The FPGA MGT Output pins will be connected by signal trace pairs to optical transmitters. One standard of optical transceiver is the SNAP12 pluggable form factor identified in the CMX project specification document reviewed in June 2011. The original SNAP12 specification is limited to a line rate of 2.72 Gbps. Avago together with Emcore has defined a modified version of the SNAP12 specification for devices with line rate up to 10Gbps. This modified specification uses the same physical MEG Array board connector as SNAP12 for its pluggable electrical interface, but with a different pinout. Avago sells a AFBR-810BxxxZ Twelve-Channel Transmitter for line rate up to 10.0 Gbps which would be appropriate for the CMX 6.4 Gbps requirement. Newer form factors have also become available for 12-fiber transceiver components since June 2011. Avago's product line includes a pluggable form factor called MiniPOD that is quite interesting here. MiniPOD uses the same family of mechanical interface to the circuit board as SNAP12, a MEG Array with a 9x9 contact matrix (instead of 10x10 for SNAP12). The footprint and clearance required for MiniPOD devices is smaller than for SNAP12. Avago sells a MiniPOD AFBR-81uVxyZ Twelve-Channel Transmitter for line rate up to ~10.3 Gbps which would be appropriate for the CMX 6.4 Gbps requirement. The optical power output of this MiniPOD device is also notably higher than the corresponding SNAP12-like device above. The MiniPOD devices however cannot be mounted at the edge of the card for direct optical cable connection. They will thus require "pigtail" sections of optical 12-fiber ribbon cables to connect between the MiniPODs and MPT adapters mounted on the card front-panel. MiniPOD devices are called mid-board components as they can be placed closer to the FPGA than SNAP12 devices thus needing relatively shorter traces and potentially providing better electrical signal integrity and lower trace attenuation.

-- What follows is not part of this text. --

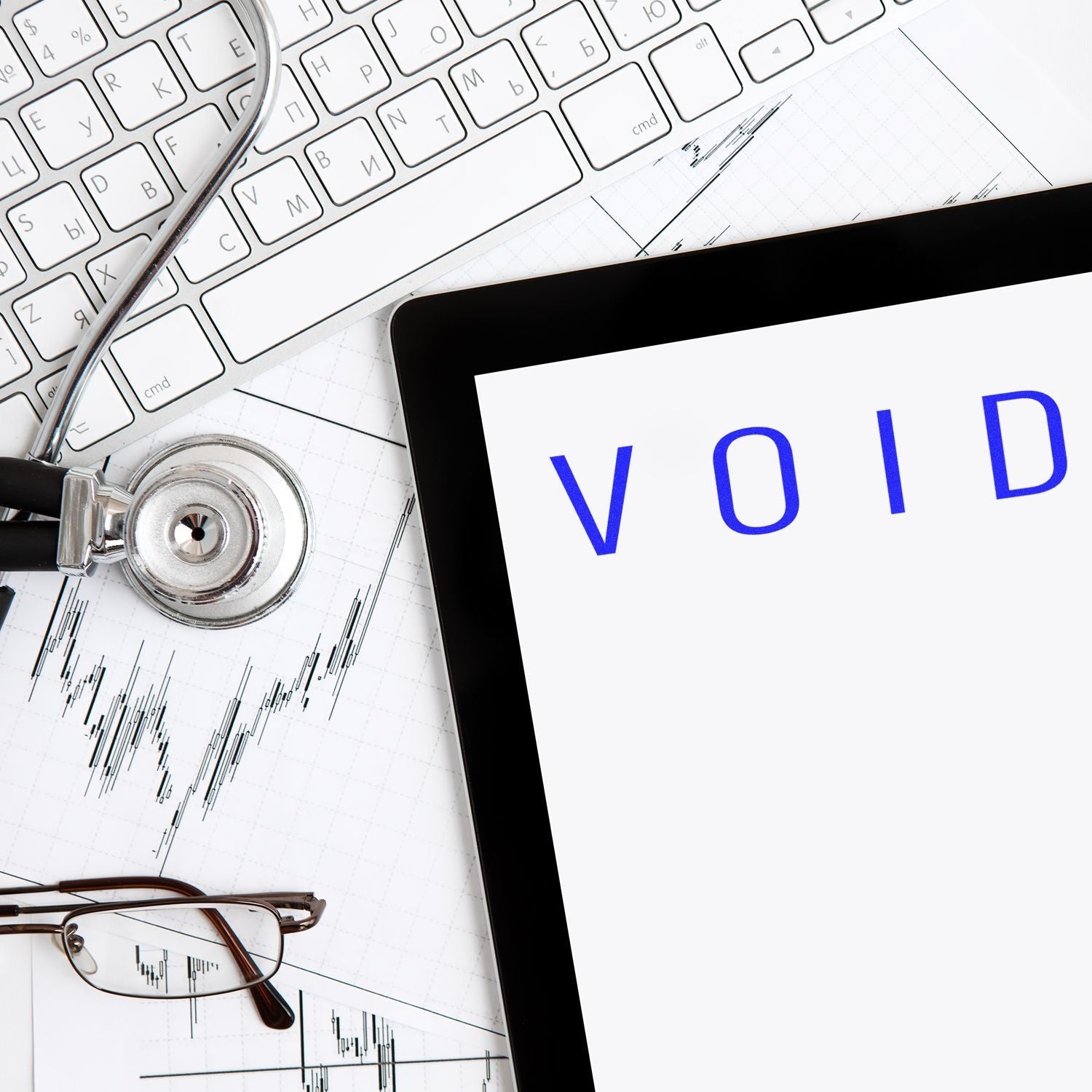 Self Inking Narrow Void Stamp used on a document, placed on a desk with a keyboard, stethoscope, glasses, and tablet displaying VOID .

2.1.3 Multiple optical outputs

Requiring the Base-CMX functionality to send multiple copies of its output to a TP will bring flexibility for using the CMX in the overall l1calo system.

A Topological Processor may end up having several modules operating in parallel which would thus benefit from receiving two identical (or maybe different, tailored) copies of the backplane information. Having multiple outputs would also make it possible to operate a Standalone TP and a CMX-TP in parallel at the same time, should this become necessary.

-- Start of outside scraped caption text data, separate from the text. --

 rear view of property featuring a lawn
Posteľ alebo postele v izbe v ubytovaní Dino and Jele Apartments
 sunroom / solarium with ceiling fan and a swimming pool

2.1.4 FPGA package considerations

The first consideration faced is deciding on the FPGA orientation. Priority should be given to most sensitive signals listed above, i.e. the processor input signals and MGT signals. The orientation of the FPGA should try to position the FPGA edge with the most Select IO banks facing the backplane. The opposite FPGA edge of the FF1924 and FF1923 packages also present Select IO banks and will thus be facing the front panel. The other two edges of these FPGA packages carry the Multi Gigabit Transceiver IOs and will be facing the top and bottom sides of the board. This arrangement seems natural and the best fit to match the card input and output constraints.

2.2 Evaluating the FF1924 package

This package is interesting because it offers the most MGT IOs (48 GTX and 24 GTH) within the Virtex 6 family, while the trade-off is that it has fewer Select IOs resources than other packages (640 in 16 banks).

One of FPGA edge with select IOs can be facing the backplane side of the CMX card but only provides 320 IO pads. This is not enough to receive all 400 processor inputs. The rest of the processor inputs (80 of 400 inputs = 20%) will thus need to be routed around the FGPA to reach the opposite side of the FPGA facing the front-panel. This means these signals will use comparatively longer traces, and it also means that they will have to pass across the MGT traces connected to the other two edges of the FF1924 FPGA package or pass near the optical transceivers.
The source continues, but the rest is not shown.